Dan malam ini, tepat pukul delapan mereka sudah duduk berhadapan sambil menyantap makan malamnya masing-masing. Sesekali Nasya melirik Sakha yang berada di hadapannya. Pria itu sungguh terlihat tampan. Nasya bersyukur bisa menjadi salah satu bagian terpenting di hidup Sakha.
Sakha menyadari Nasya yang sedari tadi menatapnya, kemudian Sakha menghentikan aktivitas makannya dan tersenyum kepada Nasya.
"Ada apa, sayang?"
Kedua pipi Nasya merona, ia tersenyum bahagia menatap Sakha. "Terima kasih untuk segalanya, Kak."
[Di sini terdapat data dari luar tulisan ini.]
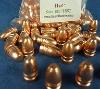 100  copper electroplated  bullets for 8mm 1887-92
Raut wajah Sakha berubah datar, namun dua detik selanjutnya ia tersenyum dan menggenggam kedua tangan Nasya. Tak ada kalimat apapun yang diucapkan oleh Sakha, ia hanya mengelus punggung tangan Nasya dengan lembut.
"Aku ke toilet dulu, ya?"
Nasya yang masih tersenyum lantas mengangguk. Sakha pun pergi meninggalkan Nasya.
Drrtt ...
Ponsel yang berada di hadapan Nasya bergetar, itu ponsel Sakha. Layarnya menyala dan menampilkan beberapa notifikasi.
Nasya menatapnya lama dan akhirnya layarnya kembali meredup. Namun, secepat mungkin Nasya kembali menyalakan layar ponsel milik Sakha. Nasya tahu ini tidak sopan, tapi ia harus memastikan sesuatu.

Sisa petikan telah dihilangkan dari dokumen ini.